O STRUP (Sindicato dos Trabalhadores dos Transportes Rodoviários e Urbanos de Portugal) destacou aquelas duas exigências no comunicado que emitiu no dia seguinte a um plenário geral, realizado na quarta-feira da semana passada, dia 6, para informar os trabalhadores sobre as negociações do Acordo de Empresa e discutir «de forma aberta» este processo.
No dia 5, a administração comum da Transportes de Lisboa tinha apresentado a sua proposta de AE, que as organizações subscritoras iriam analisar esta terça-feira, com vista a preparar uma contraproposta para dia 19.
Para explicar que a má prestação do serviço público se deve à falta de efectivos, no plenário foi decidido distribuir um documento à população, no qual se apela a que os passageiros formalizem o apoio à contratação de mais trabalhadores.
«Não peçam mais desculpa, contratem os trabalhadores em falta» é a mensagem que deve ser escrita no livro de reclamações, quando a administração do Metro espalhar mensagens de desculpas por atrasos ou interrupções na circulação.

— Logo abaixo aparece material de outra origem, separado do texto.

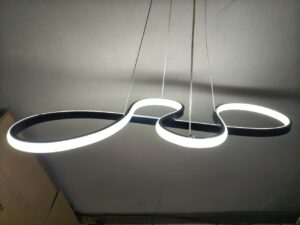 Lustre Pendente Led Design Infinity 60w Bivolt Preto 127/220v Preto
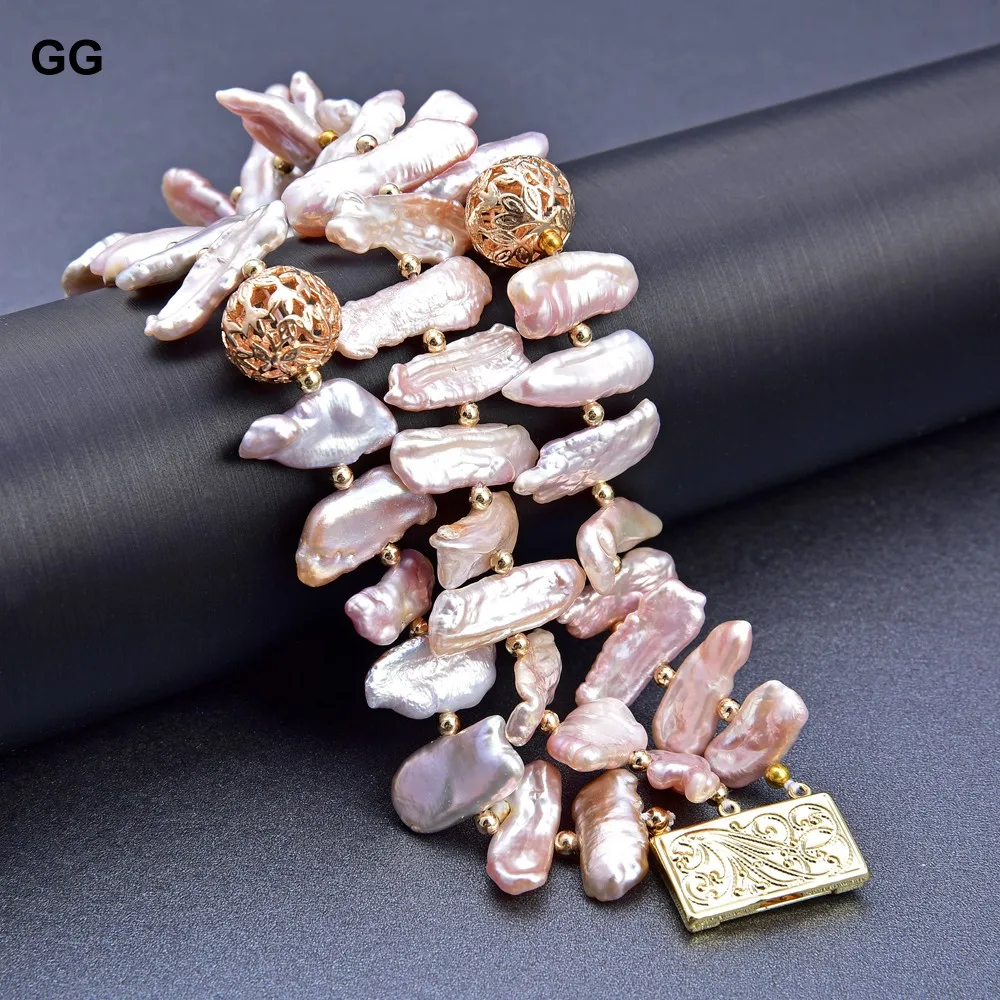 

GG Jewelry 8" 3 Strands Cultured Pink Purple Biwa Pearl Bracelet
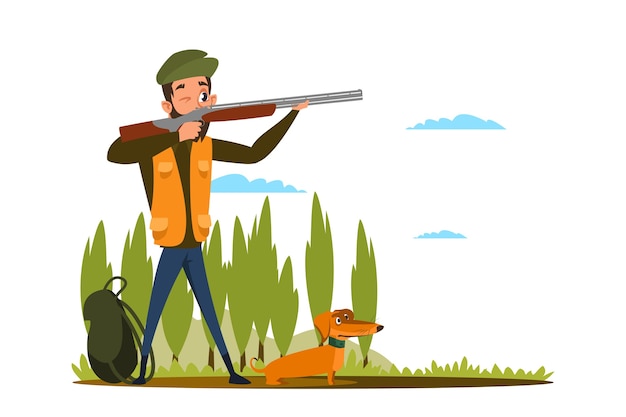 Vector caza con ilustración plana de perro arma, joven cazador preparándose para disparar personaje de dibujos animados, hombre apuntando, sosteniendo rifle, recreación en la naturaleza, pasatiempo al aire libre, ocio, hombre con perro salchicha en el bosque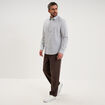 Jean large baggy 5 poches marron fonc&eacute; homme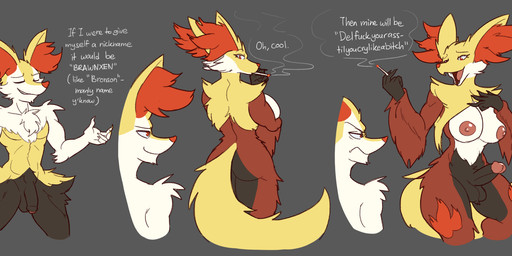 anthro areola big_breasts black_body black_fur breasts cigarette dialogue duo erection foreskin fur genitals grey_background gynomorph gynomorph/male humanoid_genitalia humanoid_penis intersex intersex/male male nipples orange_body orange_fur penis red_body red_fur reveal simple_background tail text white_body white_fur yellow_body yellow_fur chorsinnell39 nintendo pokemon braixen canid delphox generation_6_pokemon mammal pokemon_(species) 2022 english_text hi_res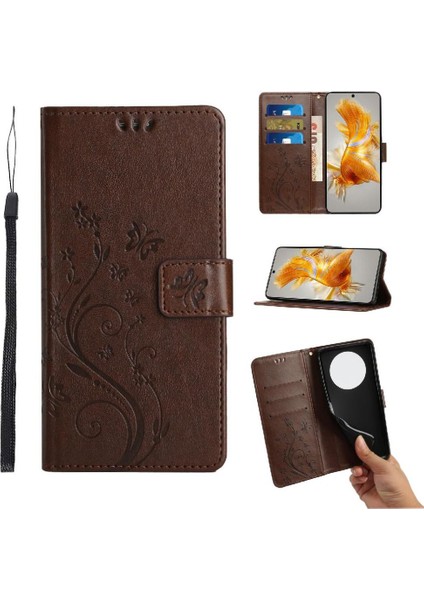 Huawei Mate 50 Için Filp Durumda Bilek Kayışı Kart Tutucu Manyetik Kapatma Pu (Yurt Dışından)
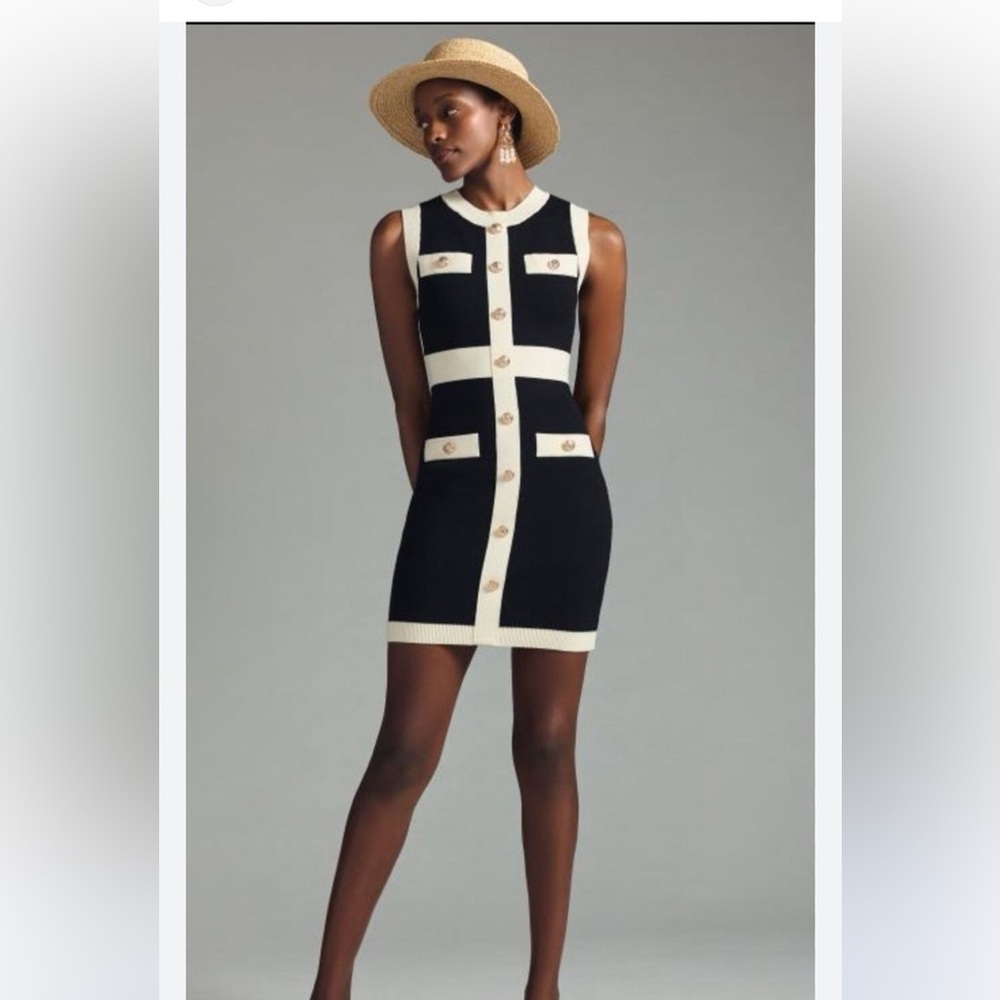 Anthropologie Endless Rose Black and Cream Button-Front Mini Dress XL
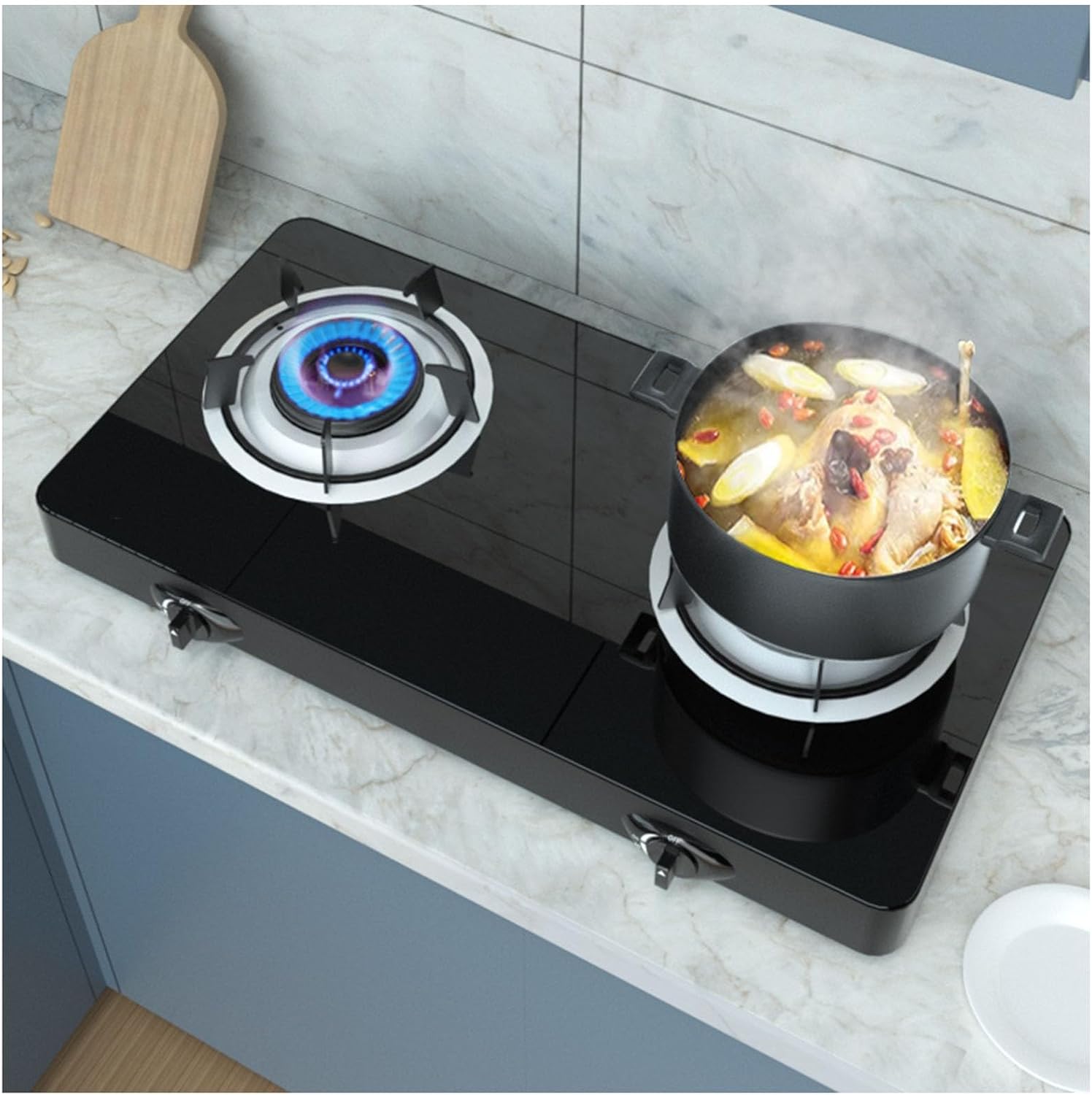 Propane Stove 2 Burners Portable Propane Stove,17742.4BTU High Power Tempered Glass Gas Cooktop for Home Use Food Stalls and Canteens (Color : NG)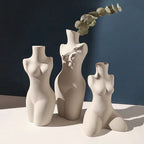Sculptured Feminine Body-Form Abstract Vase – Modern Minimalist Off-White Ceramic Vases for Contemporary Living Room, Bedroom Décor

No folheto, assinado «os trabalhadores do Metropolitano de Lisboa» e que está escrito em estilo de carta a cada utente, começa-se por admitir que «você sabe bem o quanto, nos últimos cinco anos, a qualidade e a fiabilidade» decaíram e «só pode estar farto de ver nos placards de informação a frase “pedimos desculpa disto”, “pedimos desculpa daquilo”».
Explica-se depois que a empresa está há cinco anos proibida de contratar trabalhadores operacionais, motivo por que nos quadros faltam hoje quase 50 maquinistas, outros tantos trabalhadores das estações e mais umas dezenas na manutenção de infra-estruturas e material circulante.
Os cortes foram impostos «porque queriam privatizar a empresa e, quanto pior ela funcionasse no público, mais fácil seria oferecê-la ao grande capital». E, se «esta política foi, no essencial, imposta pelo anterior governo», o actual «tarda em corrigir o problema». Perante a falta, este «proibiu as férias de maquinistas nos primeiros meses deste ano», o que vai criar problemas mais tarde, porque as férias serão concentradas num período mais curto; e também «tem feito pressão para haver cada vez mais estações sem trabalhadores».

Luta para valer

Na informação sobre o plenário, o STRUP recorda que os trabalhadores do Metro, «por força da sua luta, conseguiram que o Governo pusesse termo ao processo de subconcessão da empresa, repusesse o direito ao transporte dos familiares e reformados, assumisse o pagamento dos complementos de reforma aos nossos reformados e pensionistas, bem como a reposição deste direito a todos os trabalhadores de acordo com o AE vigente, repusesse os quatro feriados que a anterior maioria governamental tinha roubado». Na empresa, «estamos hoje perante um CA diferente dos dois últimos, principalmente ao nível do diálogo, o que já possibilitou a resolução e integração dos trabalhadores cujos contratos a termo incerto enfermavam de ilegalidade», estando «em fase de resolução a questão dos trabalhadores que ilegalmente foram colocados nos “disponíveis”».
No plenário foi ainda decidido marcar uma «entrega de um ofício ao Governo no dia da inauguração da estação da Reboleira», para «evidenciar os principais problemas existentes, solicitando o cumprimento dos compromissos assumidos».
Um novo plenário será convocado após a reunião com a administração, no dia 19.